| Records provided |
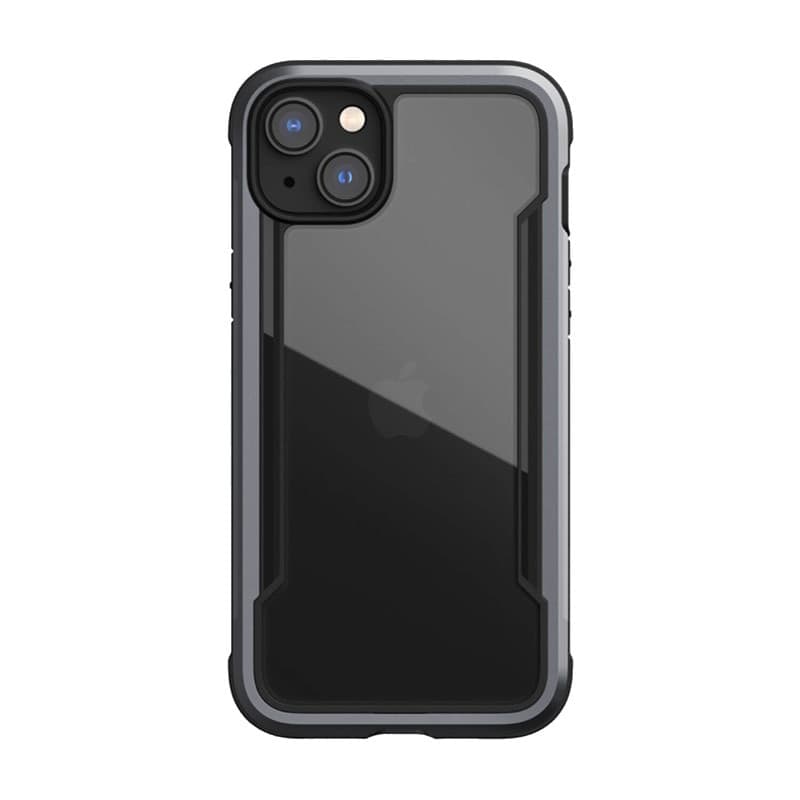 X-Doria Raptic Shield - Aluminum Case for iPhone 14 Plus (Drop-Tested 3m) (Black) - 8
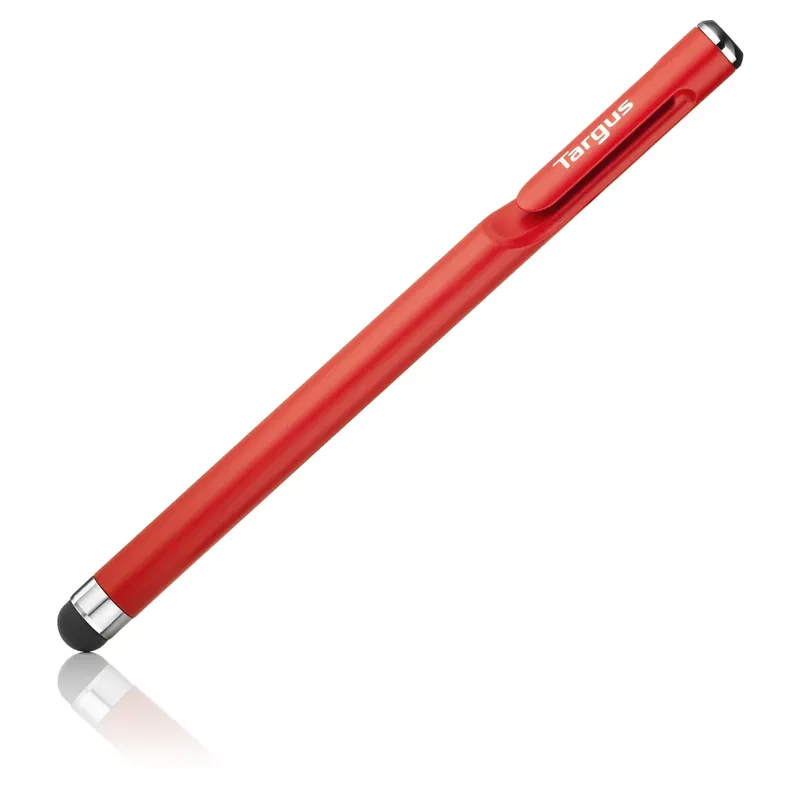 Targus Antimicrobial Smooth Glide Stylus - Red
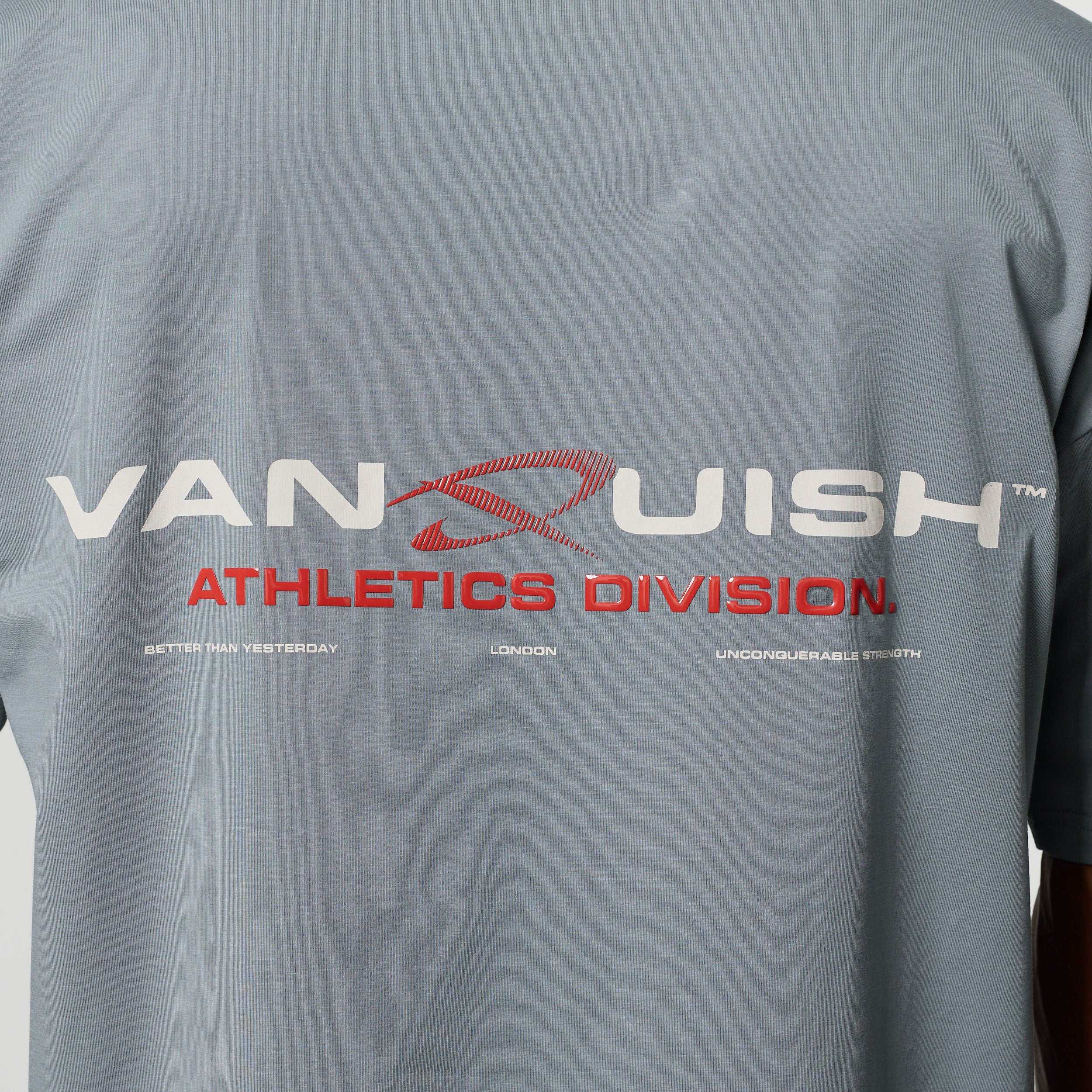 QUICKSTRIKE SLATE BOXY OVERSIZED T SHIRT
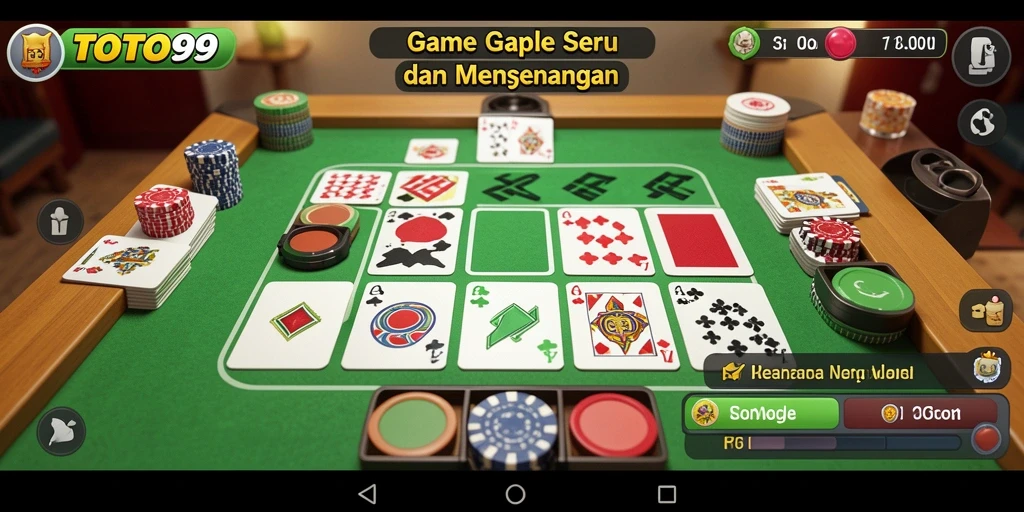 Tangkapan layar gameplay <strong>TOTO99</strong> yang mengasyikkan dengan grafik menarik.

==

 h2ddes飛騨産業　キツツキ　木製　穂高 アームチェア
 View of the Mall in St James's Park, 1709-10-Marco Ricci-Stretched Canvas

| Your assignment |
Write out, word for word, the stretch of entries that begins at the line with "X-Doria Raptic Shield" and ends at the line with "Tangkapan layar gameplay". Pictures do not belong in it.

| Task answer |
 X-Doria Raptic Shield - Aluminum Case for iPhone 14 Plus (Drop-Tested 3m) (Black) - 8
 Targus Antimicrobial Smooth Glide Stylus - Red
 QUICKSTRIKE SLATE BOXY OVERSIZED T SHIRT
 Tangkapan layar gameplay <strong>TOTO99</strong> yang mengasyikkan dengan grafik menarik.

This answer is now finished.